Ce fut, en effet, la première idée. Peut-être s’y serait-on définitivement arrêté, en dépit de graves difficultés d’exécution[1] si, au bout de quelques mois de guerre, l’efficacité ne se fût déjà fait sentir du blocus, — blocus « lointain, » relativement effectif, toutefois, grâce à la position si favorable de l’archipel anglais par rapport aux côtes de l’Empire, — auquel s’était résolu le gouvernement britannique. Les difficultés de réapprovisionnement auxquelles il fallut faire face chez nos adversaires, malgré la complaisance des neutres du Nord, dès le début de l’Jin, allaient leur donner la pensée de rendre à l’Angleterre blocus pour blocus en utilisant pour cette méthode de guerre les navires de plongée, dont on pousserait très activement la construction. Ceux-ci trouveraient assurément plus facile de torpiller ou canonner sur les routes maritimes les innombrables cargo-boats de « l’infâme tueuse d’enfans » que de pénétrer dans les rades bien barrées où elle abritait ses dreadnoughts.

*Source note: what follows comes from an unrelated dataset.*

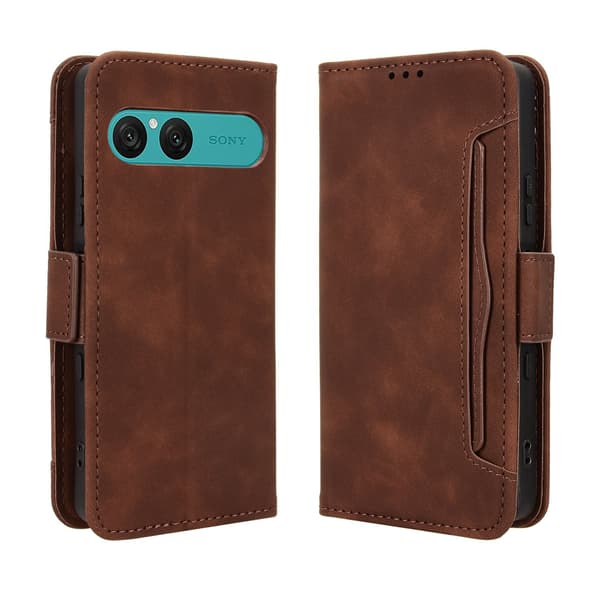 Pung etui Cover Cover til Sony Xperia 10 VII - Brun Brown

Au fond, ni l’empereur allemand, ni l’amiral von Tirpitz ne pouvaient espérer, il y a deux ans, qu’ils affameraient l’Angleterre ou seulement qu’ils paralyseraient ses fabriques et ses usines. Il leur aurait fallu pour cela trois ou quatre fois plus de sous-marins qu’ils n’en avaient alors. Aussi semblent-ils n’avoir voulu produire à cette époque que des effets d’intimidation. C’est là, sans doute, l’origine des ordres impitoyables qui amenèrent la destruction de paquebots comme la Lusitania.

Mais peu à peu les choses changèrent d’aspect pour nos ennemis. D’abord leurs sous-marins « se couvraient de gloire, » une gloire peu enviable, le plus souvent, mais à la qualité de laquelle des disciples de Bernhardi n’entendaient pas regarder de près. Poussant leurs sournoises randonnées jusque dans la Méditerranée où, déjà, ceux d’Autriche faisaient fort bien, les

  1. On n’avait pas résolu encore, on n’a peut-être pas résolu à l’heure actuelle le problème du sous-marin coupe-filet. Certains renseignemens donnent toutefois ce type comme existant déjà chez nos adversaires.